§ Task requirements: Reproduce the records without their pictures, keeping every word as it is.

Brief descriptive captions
..............................
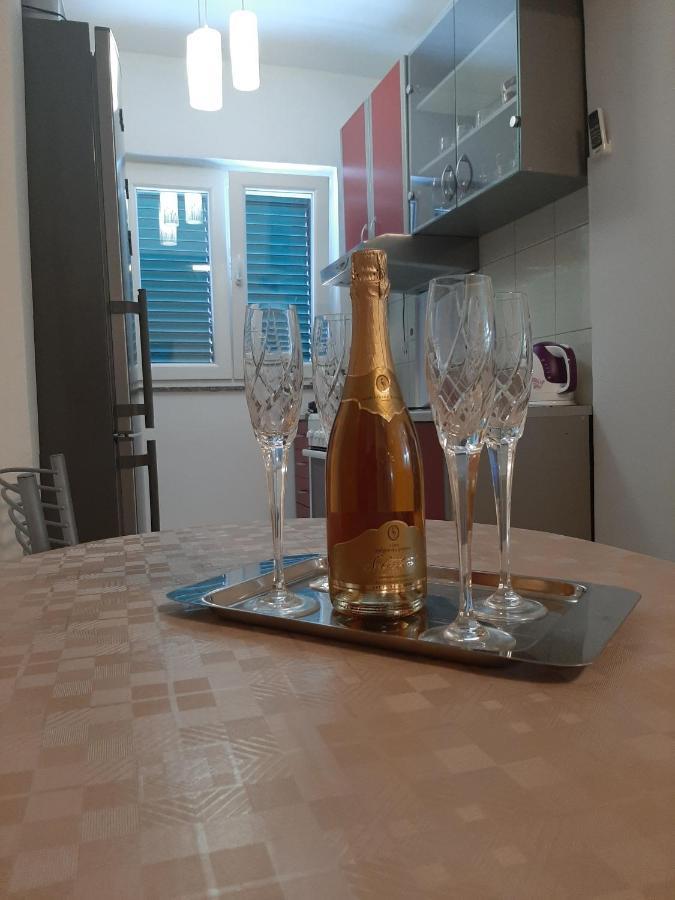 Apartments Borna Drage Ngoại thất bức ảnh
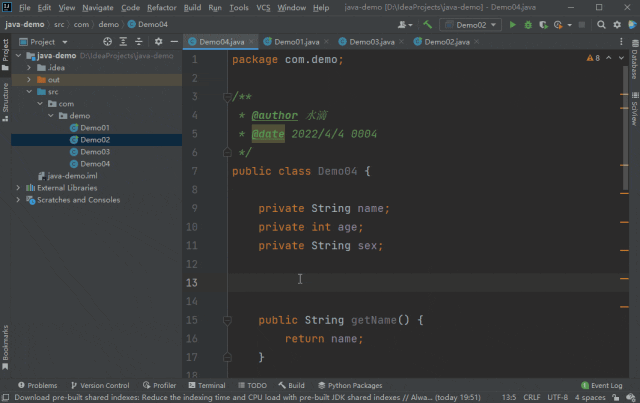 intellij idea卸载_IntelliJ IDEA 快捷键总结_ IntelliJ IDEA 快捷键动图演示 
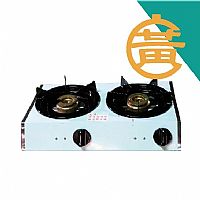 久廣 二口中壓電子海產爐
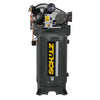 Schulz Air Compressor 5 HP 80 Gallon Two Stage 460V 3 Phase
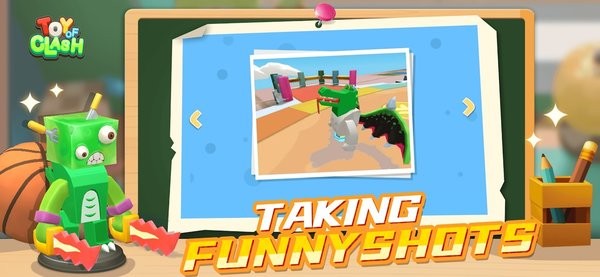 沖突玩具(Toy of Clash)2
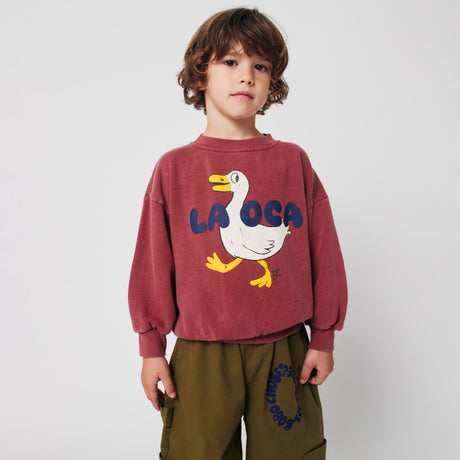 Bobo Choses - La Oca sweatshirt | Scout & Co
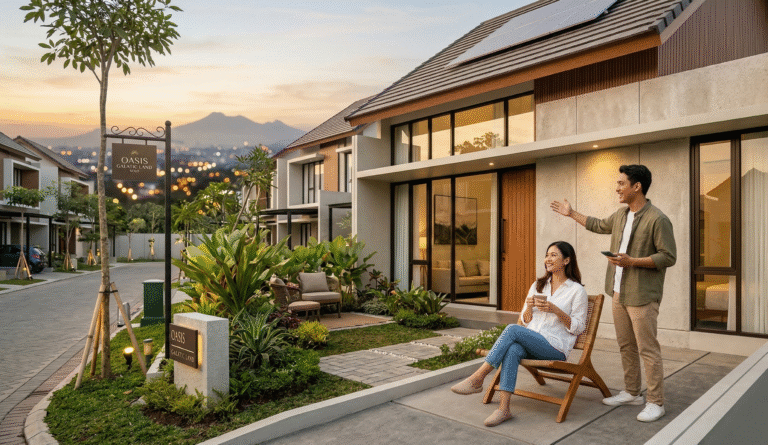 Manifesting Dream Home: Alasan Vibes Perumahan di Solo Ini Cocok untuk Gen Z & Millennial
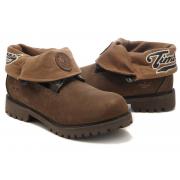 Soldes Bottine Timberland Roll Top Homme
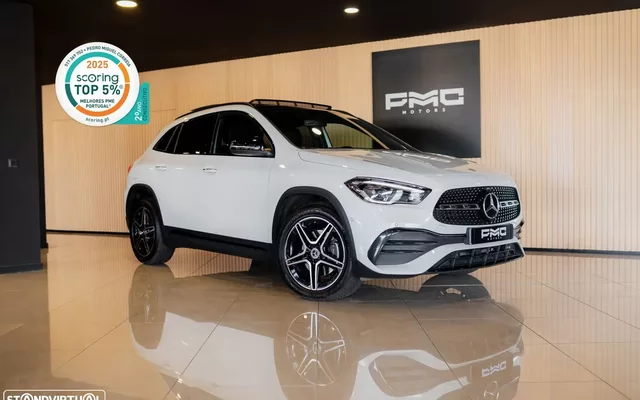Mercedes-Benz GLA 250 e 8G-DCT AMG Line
..............................
§ Solution for this problem:
 Apartments Borna Drage Ngoại thất bức ảnh
 intellij idea卸载_IntelliJ IDEA 快捷键总结_ IntelliJ IDEA 快捷键动图演示 
 久廣 二口中壓電子海產爐
 Schulz Air Compressor 5 HP 80 Gallon Two Stage 460V 3 Phase
 沖突玩具(Toy of Clash)2
 Bobo Choses - La Oca sweatshirt | Scout & Co
 Manifesting Dream Home: Alasan Vibes Perumahan di Solo Ini Cocok untuk Gen Z & Millennial
 Soldes Bottine Timberland Roll Top Homme
Mercedes-Benz GLA 250 e 8G-DCT AMG Line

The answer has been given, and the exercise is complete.